What is a stakeholder? Are Customers and Employees the Only Stakeholders? What does it mean to create value with your stakeholders? How do you identify your stakeholders?
What is a Stakeholder?
Businesses readily identify two key stakeholders, customers and employees. This is especially the case when the business is small or a startup. Those two stakeholders attract all of the attention while launching a new product or service.
However, other stakeholders become increasingly important as the business grows. Stakeholders are all of the groups that can affect and be affected by a company’s values, mission, policies, and actions.
Who are Stakeholders?
Stakeholders can be comprised of partners, investors, regulatory agencies, and the community at large, as well as customers and employees. Each of these groups are comprised by many different members.
Partners can be suppliers, sales channels, and professional partners, such as your lawyer and accountant. Investors or shareholders can be friends, family, venture capitalists, private equity, banks and others. Regulatory agencies can be comprised of local, state, and federal taxing authorities as well as those governmental entities regulating the production, distribution, and sales of a product or service.

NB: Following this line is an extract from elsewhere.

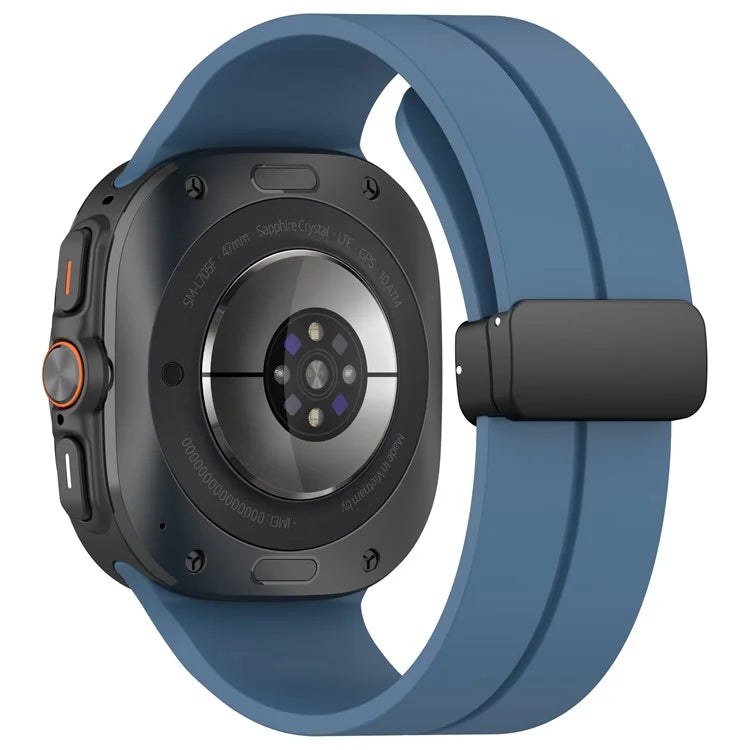 For Samsung Galaxy Watch Ultra 47mm Silicone Watch Band Magnetic Folding Buckle Wrist Strap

As you can see, the specific groups of stakeholders can be numerous, each with their own specific contribution and need.
Stakeholder Value
The company’s brand and image rests upon the relationship between the company and its stakeholders. In that sense, a company’s most important value (brand and image) is collaboratively created with its stakeholders.
Stakeholder relationships are essentially built upon trust and that trust is exhibited in a number of relevant facets. Using the work of David Maister in The Trusted Advisor, trust can be defined in four aspects.
One aspect of trust is credibility, which exists in the domain of the word: what an organization says about itself, what others say about the organization, what is written about the organization, etc.
Second, trust is reliability, which exists in the domain of action: what an organization does, how quickly it takes action, how dependable an organization acts, etc.
Trust is also interest, which exists in the domain of motivation: the reasons for an organization’s actions, recognizing the motives of various stakeholders, etc.
Finally, trust is transparency, which exists in the domain of authenticity: the visibility of an organization when recognizing problems, when working through solutions, when stating self-interest, etc.
Mutual Value
The value of a stakeholder engagement correlates to the amount of trust built with the stakeholder in all aspects. Companies need to continually steward trust through all of their stakeholder interactions and engagements. The result is mutual value created through those trusted relationships.